Dawno nie widziałam i nie próbowałam tak fatalnie zrobionego ciasta. No smutam, miałam nadzieję, że sobie pojem darmowe senne kalorie, a tu takie paskudztwo. No i powiedziałam mu, że nie umie gotować i go w ogóle wyśmiałam, to się wściekł i próbował mnie torturować. Zaczęłam z nim walczyć i przegrywałam, był większy i silniejszy, ale i tak udało mi się go wrzucić do jakiejś piwnicy (chyba na wino) Uderzył łbem o podłogę i nie dawał znaku życia, a poprawiłam mu siekierą by już nigdy ich nie dawał. W piwnicy siedziała Święta Inkwizycja i miałam nadzieję, że nam pomoże w walce z komunizmem, ale cóż... Powiedzieli, że religia to opium dla ludu, a Wielki Wódz otworzył im oczy. Zaczęliśmy ucieczkę i zapadliśmy w lasy, gdzie do drużyny dołączyli się Gimli, Legolas i Aragorn, którzy uzbroili nas w spluwy.

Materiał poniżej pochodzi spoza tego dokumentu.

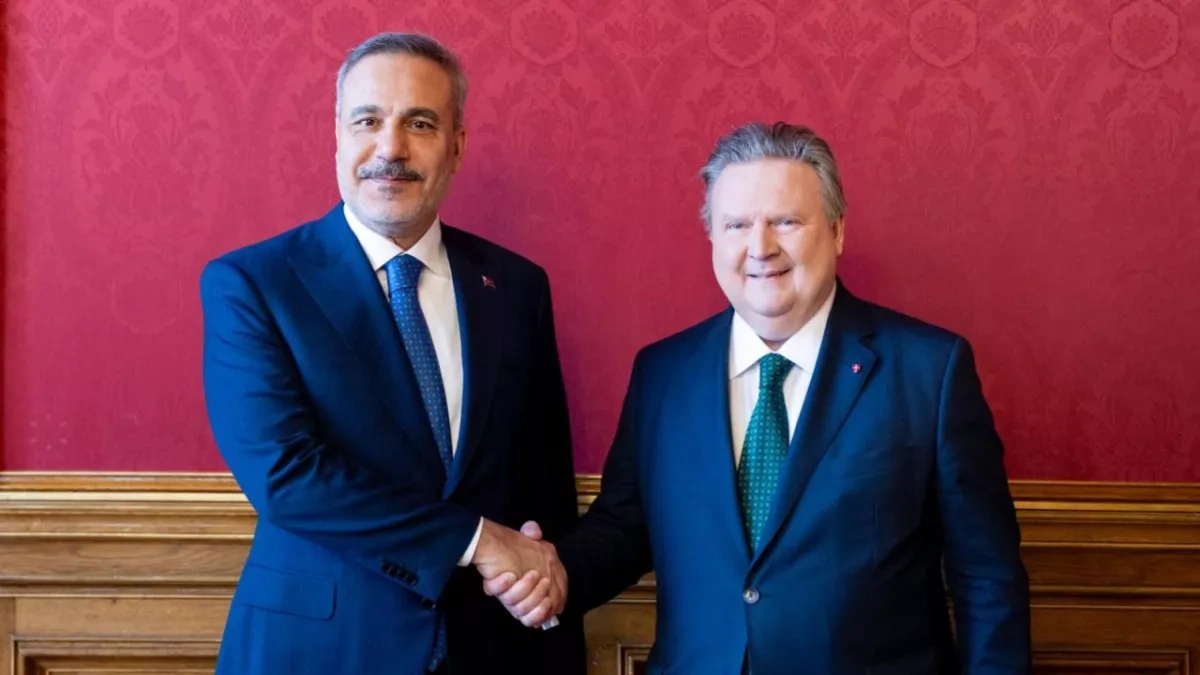 Turkish FM expands diplomatic contacts in Austrian capital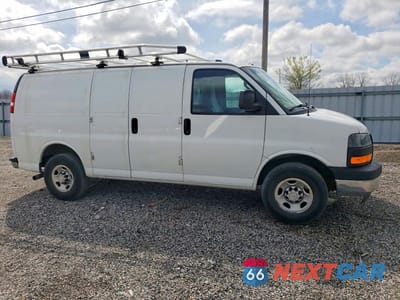 Czwarte zdjęcie samochodu z boku: 2020 GMC SAVANA G2500 VIN:1GTW7AFP3L1216066 - miniatura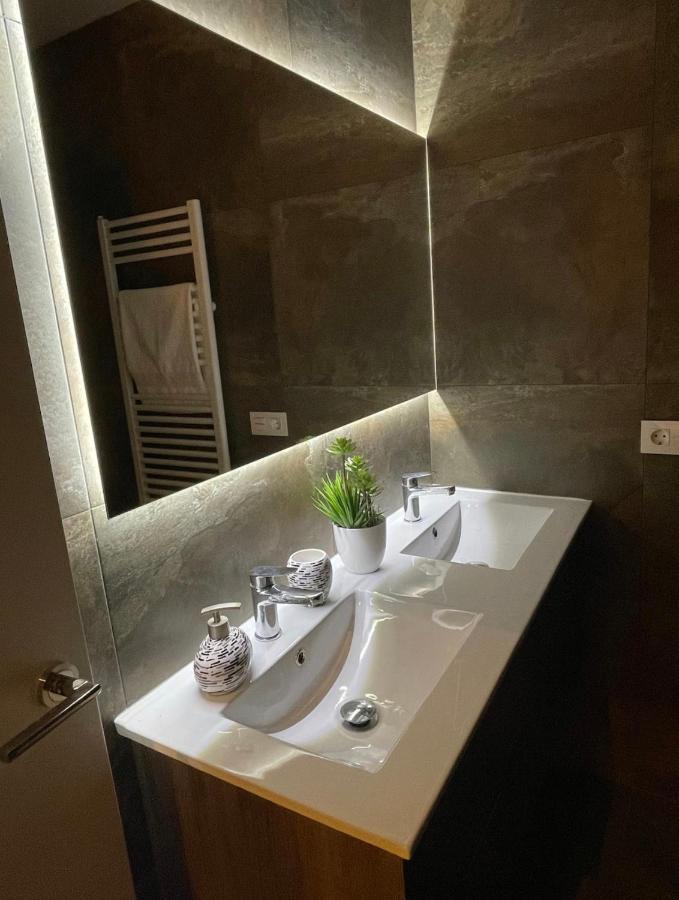 1 Habitacion Con Bano Privado Frente A La Piscina, Maximo Para 4 Personas, No Es La Casa Completa,1Cama Y 1 Sofa-Cama San Vicente Raspeig Eksteriør billede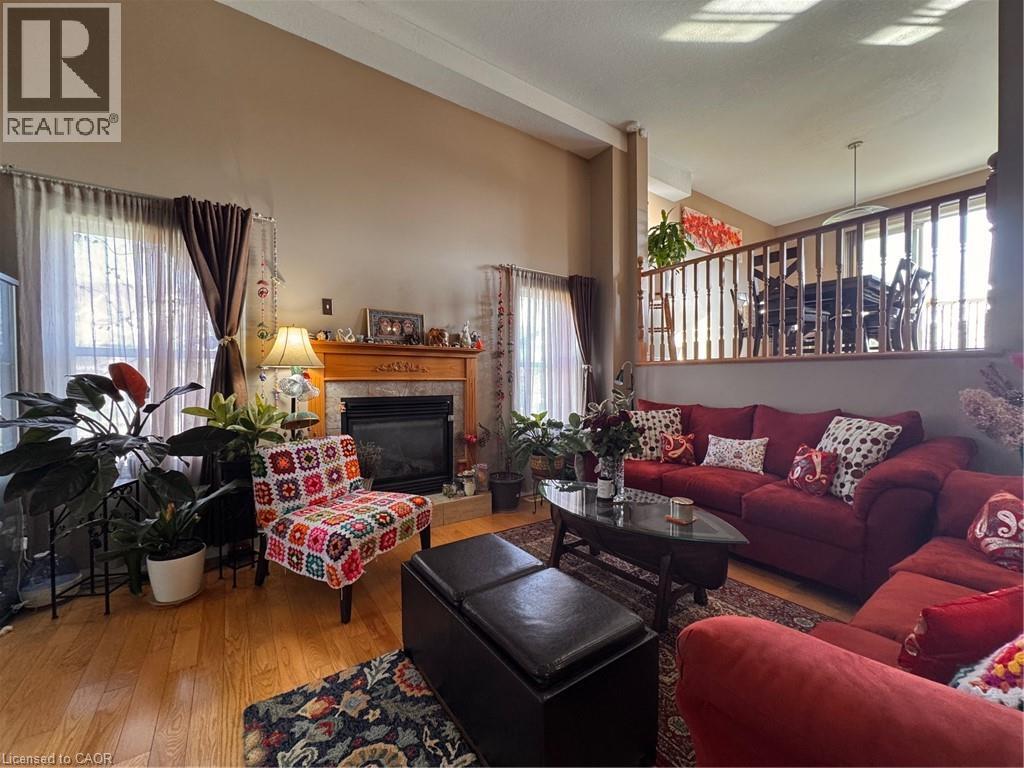 777 Karlsfeld Road, Waterloo, Ontario  N2T 2X2 - Photo 5 - 40830187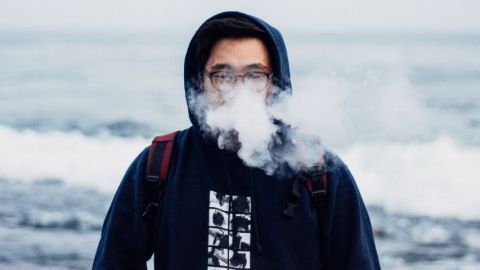 Un ado avec de la fumée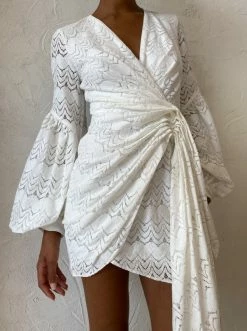 Acler Hanley Dress In Ivory -Coco & Lola SHOP Acler lowres 21 c3945511 dc2c 4249 a8aa 643b69d95ada 600x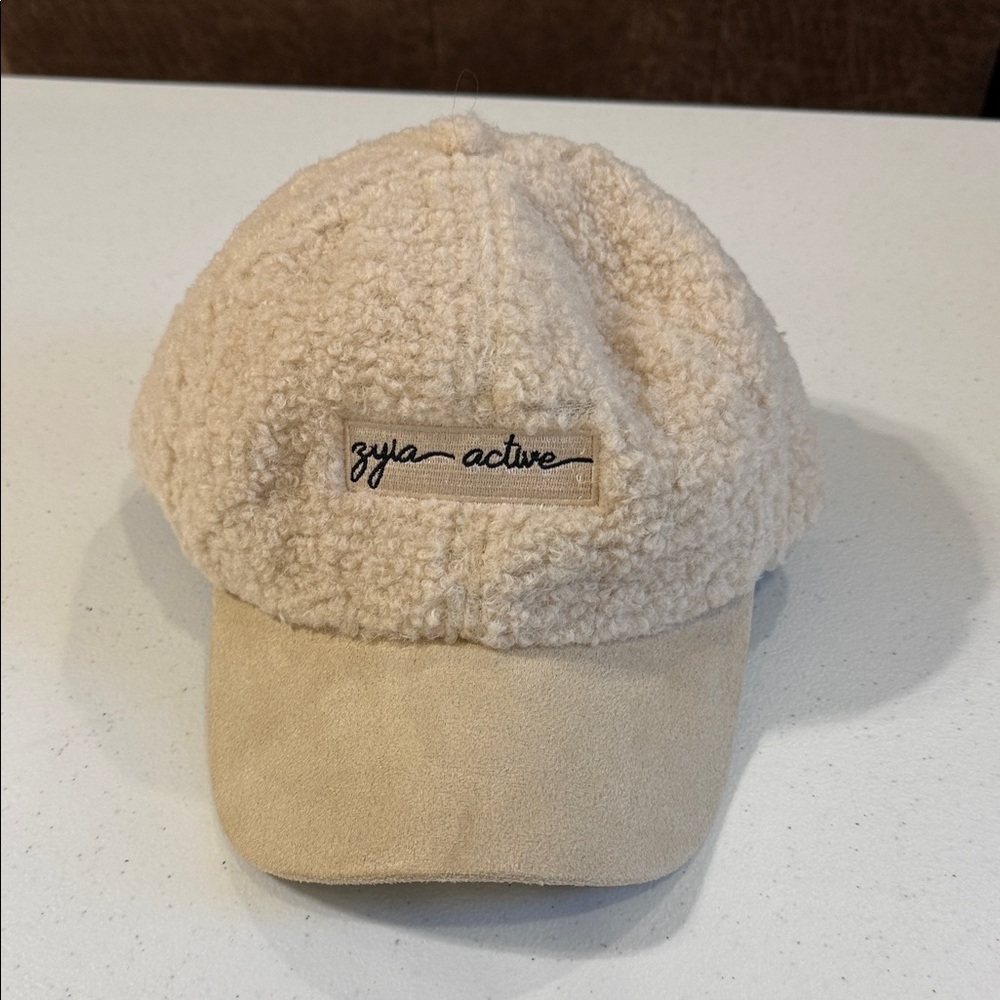 ZYIA Sand Sherpa Cap 970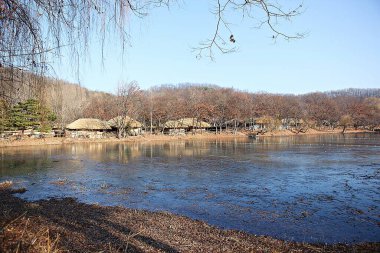 Burası Kore halk köyü.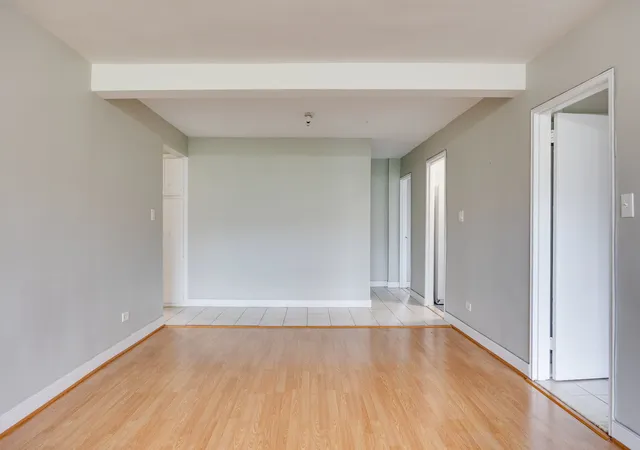 Listing Photo 5 - Condo for sale in building located at 525 Ocean Pkwy, New York, NY 11218 - Unit #4J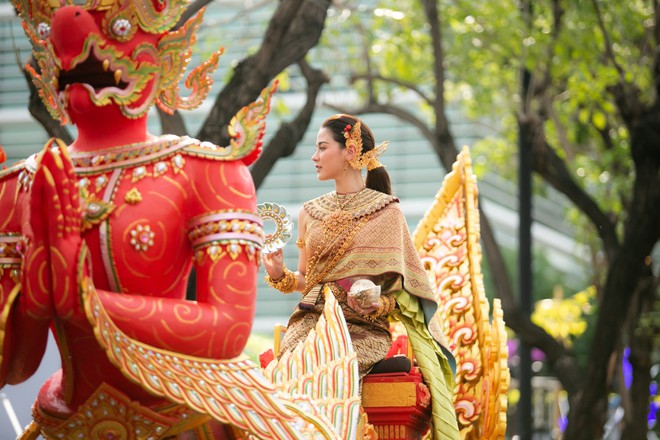 Dân tình náo loạn với nhan sắc cực phẩm của nữ thần Thungsa trong lễ Songkran 2019 tại Thái Lan - Ảnh 10.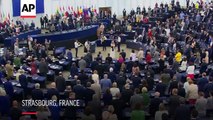 Brexit lawmakers turn back on EU anthem
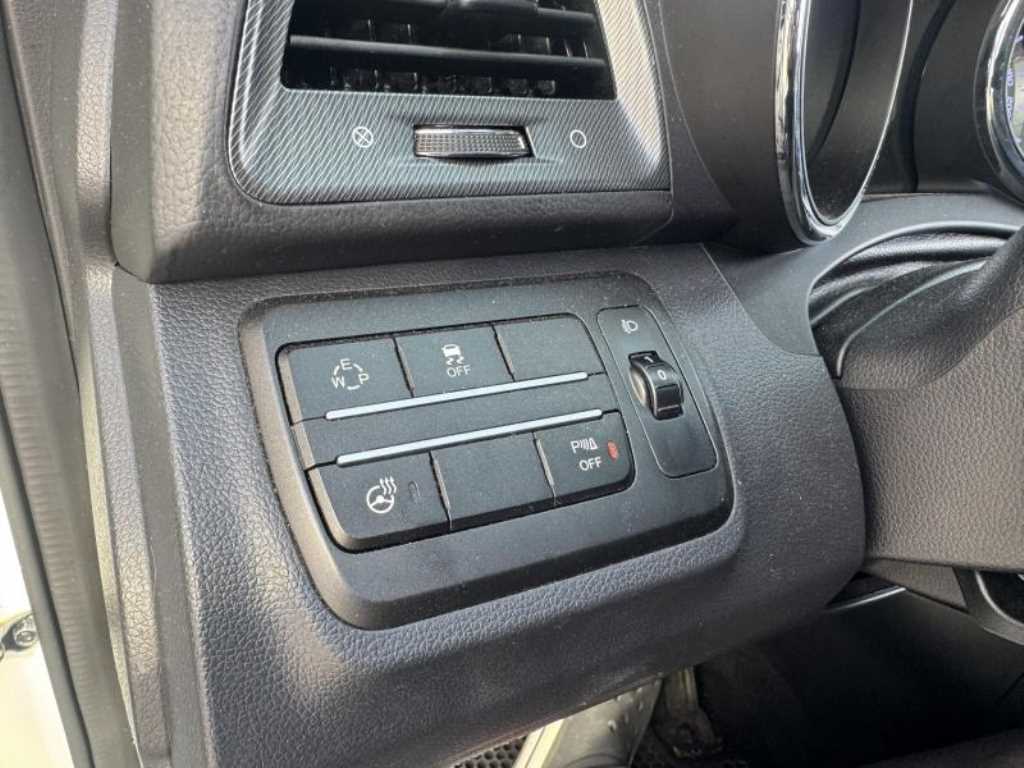 Ssangyong Tivoli - Vista 10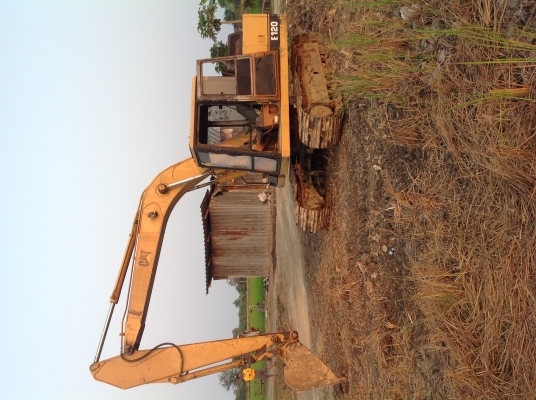 ขายรถแมกโคCAT E120พร้อมทำงานแอร์เย็น. เครื่องปั้มดีแรงไวทำงานเร็ว ขายรถแมกโคCAT E120พร้อมทำงานแอร์เย็น. เครื่องปั้มดีแรงไวทำงานเร็ว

Uciekaliśmy dalej. Na płaskim terenie, porośniętym niską, pożółkłą trawą pościg zaczął nas doganiać. Na prowadzenie wysunęli się Frodo i Sam, którzy zaczęli do nas strzelać. Sama zastrzeliłam powiernika pierścienia, a moi towarzysze zdjęli Sama. Dopadliśmy do jakiegoś supermarketu, a w nim to dopiero była akcja. Mrowie wrogów w tym Tesco, kule latały wszędzie. Kiedy na drodze stanęła mi Alexis Paint (artystka z fandomu MLP, nie wiem skąd ona w tym śnie), to wywinęłam się i zabrałam jej spluwę. Chwilę później i tak ktoś ją zabił. Byliśmy na końcu, gdzie dołączyli się do nas nowi sojusznicy. Jednym z nich była krasnoludzka kobieta o twarzy Krystyny Pawłowicz, której zepsuł się napęd w wózku inwalidzkim, więc postanowiła dosiąść wózek widłowy... I wtedy się obudziłam.
~ @Cahan
Kiedy byłam mała, śniło mi się, że znalazłam lampę Aladyna. Co dziwota, wiedziałam, że to jest sen, i własnie dlatego nie powiedziałam życzenia, tylko czekałam, aż odpłynę "na jawę".
Wyobraźcie sobie zdziwienie dwulatki, gdy okazało się, że zepsułam przewód plastikowej lampki z Ikei, spadając z nią w ręce z łóżka...
~ @CatBot
Kilka dni temu śniło mi się że w internecie znalazłem środek do czyszczenia starych monet. Bez wachania go kupiłem i zabrałem się do czyszczenia moich staroci. Wlałem cały płyn do garnka i wrzuciłem wszystkie moje monety i guziki. Po chwili zauważyłem że wszystkie monety pociemniały i stały się nieczytelne, a guziki po prostu się rozpuściły. Straszny sen.
~ @Poszukiwacz15
Byłem na wakacjach z rodzicami. Płynęliśmy statkiem (pewnie do Ameryki). Płynęliśmy, płynęliśmy... i płynęliśmy. Nagle się zorientowałem że jestem na Titanicu, a on zaczyna się topić.
Był w połowie w wodzie... aż nagle stanął do pionu (czyli tak jak płyną), a ja stałem niedaleko jego (na wodzie).